Thursday, September 06, 2007

Angkor -- Medieval 'Hydraulic City' -- Unwittingly Engineered Its Environmental Collapse

Angkor at sunset. (Credit: Image courtesy of University Of New South Wales)

September 5, 2007
University Of New South Wales (Australia)

Science Daily — The architects of Cambodia’s famed Angkor – the world's most extensive medieval "hydraulic city" – unwittingly engineered its environmental collapse, says research by UNSW scientists and a team of international scholars.

This revelation, published in the Proceedings of the National Academy of Science, supports a disputed hypothesis by French archaeologist Bernard-Philippe Groslier, who 50 years ago suggested that the vast medieval settlement of Angkor was defined, sustained, and ultimately overwhelmed by over-exploitation and the environmental impacts of a complex water-management network.

A succession of monarchs ruled the Angkor area from about 800 AD, producing the architectural masterpieces and sculpture now preserved as a World Heritage site. By the 13th century the civilisation was in decline, and most of Angkor was abandoned by the early 15th century, apart from Angkor Wat, the main temple, which remained a Buddhist shrine.

Groslier surmised that a network of roads, canals and irrigation ponds established between the 9th and 16th centuries proved too vast to manage. He argued that extensive land clearing for rice fields supporting up to a million people living beyond Angkor's walled city produced serious ecological problems, including deforestation, topsoil degradation and erosion.
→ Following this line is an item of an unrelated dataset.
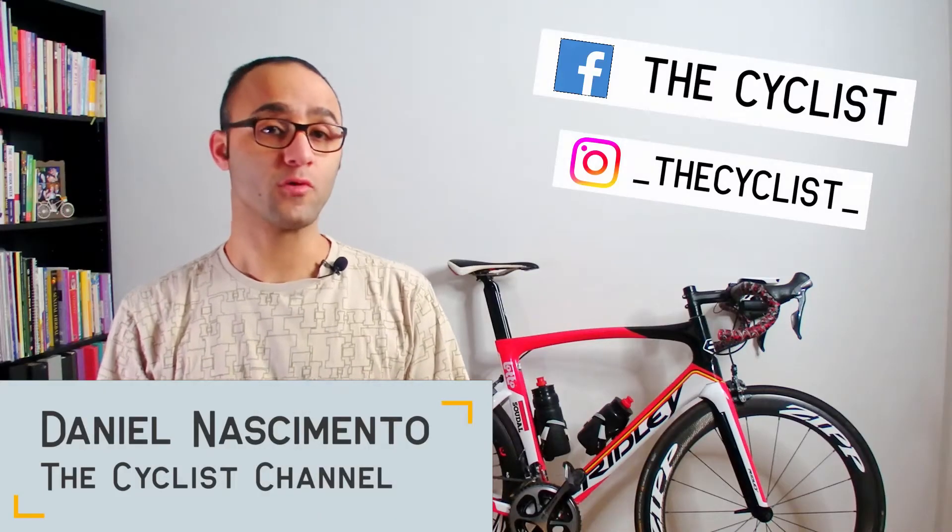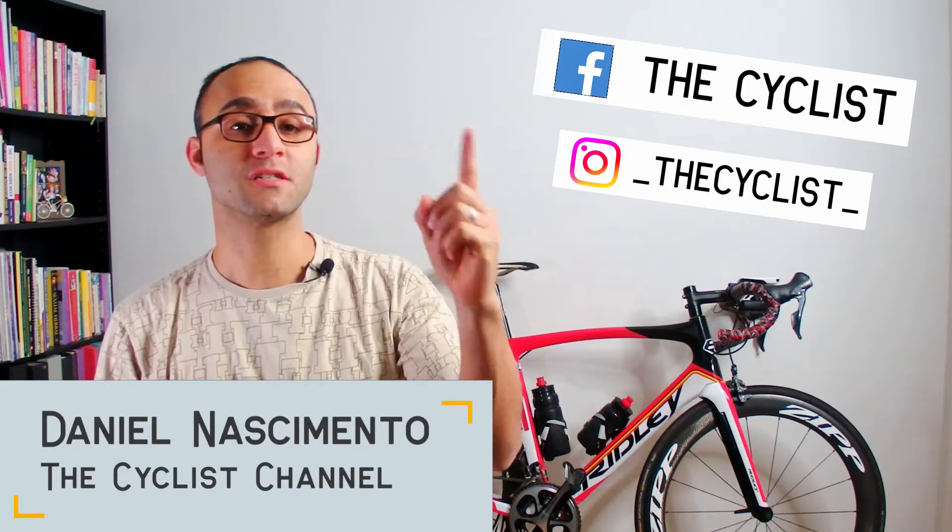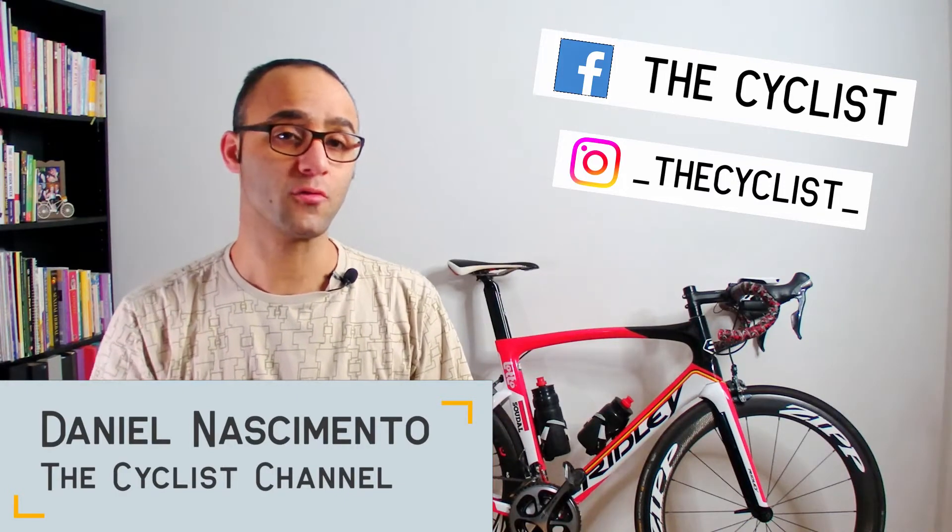I'm Daniel from The Cyclist, and welcome to another video. If this is your first time here and you want to improve your skills, learn cycling hacks and other related cycling stuff, start right now by subscribing to the channel and clicking the bell so you don't miss anything.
Latter-day archaeologists disputed Groslier’s view because he was unable to support his hypothesis with empirical data about the landscape beyond Angkor's central temple complex.

Using modern day aerial photography and high-resolution ground-sensing radar, the international research team, including UNSW’s Professor Tony Milne, studied an area of nearly 3000 square kilometres, confirming Groslier's hypothesis by correlating their images to existing maps, topographic data sets and supporting information from extensive ground-based archaeological investigations.

The team discovered more than 1000 man-made ponds and at least 74 more temple sites in the Angkor region, revealing ruins covering an area of 1000 square kilometres.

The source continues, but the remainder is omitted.